Eu e a colega Monique realizamos um
documentário de conclusão de curso, em que abandonamos em diversos momentos a
condição de produtores, exercendo plenamente a emoção de ser humano em plena
transformação. Tinha momentos que era difícil cumprir o roteiro, porque a gente
se emocionava com o que estava sendo filmado. Vivemos essa experiência três
meses antes do terremoto. Então nosso documentário não deixa de ser também um
registro histórico daquele país e da missão.
O Hélio:
De que maneira a experiência pelo Rio de Janeiro te adicionou saberes ou lhe
fez refletir por outros caminhos?
ALEX: Sem
dúvida, uma das melhores épocas da minha vida. O Canal Futura me trouxe em
pouco tempo (três meses) a prática televisiva e paixão pelos projetos sociais.

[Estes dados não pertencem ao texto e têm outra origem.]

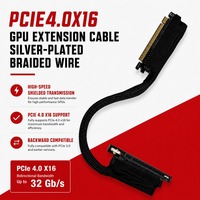 Câble Riser PCIe 4.0 X16 haute vitesse 32 Go/s, 270 degrés, plaqué argent, isolation en teflon tressé, montage vertical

Hoje eu trabalho em uma tv publica do Estado RS, a Tv Ijuí. De certa forma, foi
uma influência muito forte, porque tento imprimir aqui as relações de
humanismo, as práticas educativas e a responsabilidade social que o Futura
adota e realiza. Enquanto isso, não deixo de fazer meus filmes, produções e
participar de projetos.
O Rio
de Janeiro é a minha segunda casa, porque deixei amigos de profissão e coração,
gente que fala a mesma língua, que trabalha com paixão, que canta e dialoga
ensinando. Tive grandes professores e sempre vou lembrá-los com orgulho. Fui
recebido com tanta verdade e entrega pelos cariocas, que a saudade é grande e
só aumenta a cada ano.
O
Hélio: Cinema é, de fato, uma área fechada?
ALEX: De
certa forma sim. Infelizmente nem todos os filmes conseguem chegar às salas de
cinema. Sem dúvida, elas são a principal forma de difusão dos filmes. Porém, se
pensarmos, atualmente consome-se muito mais filmes fora delas. Eu mesmo assisto
mais filmes em dvds, no computador e na tv a cabo do que nas salas. As salas
cumprem a função de apresentar os filmes à sociedade. É o momento em que o
filme recebe mais atenção pela campanha de lançamento e o boca a boca do
público. Mas existe uma estrutura muito sólida de geração de receitas nessa
estrutura. Por exemplo, as salas, o dvd
para locação, dvd para venda, entre outras formas. É uma estrutura que não se
muda com facilidade, por isso talvez a sétima arte continue sendo uma área
fechada.
O Hélio:
Cromossomo 21 é a sua atual obra artística na sétima arte. Quais as motivações
que passaram em você para escrever e dirigir esse longa-metragem?
ALEX: Sabe
aquela coisa de dar voz a quem não tem? Pensei que ao colocar o down na
condição de protagonista de um filme, conseguiria contar uma história, uma
história que ninguém conhece. A personagem da Adriele quer gritar sua
independência, quer ter um trabalho, uma família, ela sonha em amar e ter uma
vida como todos nós desejamos: ela quer ser feliz. E para se feliz ela precisa
ser respeitada. Outra
motivação foi mostrar este universo da síndrome de down. Muita gente se assusta
com o novo, com o que é diferente. É muito fácil dizer que aceita, que não tem
preconceito, mas na prática isso não funciona. A sociedade não sai desta “zona
de conforto”, porque para aceitar e incluir é necessário paciência,
conhecimento e entrega. Felizmente a sociedade caminha para a mudança e eu
acredito muito que cinema contribui neste processo.
Desde
de 2009, data em que iniciamos a produção do Cromossomo 21, estamos conseguindo
uma repercussão bacana antes mesmo do filme ser lançado. Só que o público que
queremos atingir, não são somente os familiares, professores ou quem convive
com um down. Queremos chegar exatamente naquela pessoa que jamais conheceu esta
realidade. Nossa intenção não é pregar moralidade ou levantar a bandeira de
inclusão. O filme traz estes aspectos, mas queremos que as pessoas compareçam
ao cinema para assistir uma história de amor e cheia de possibilidades.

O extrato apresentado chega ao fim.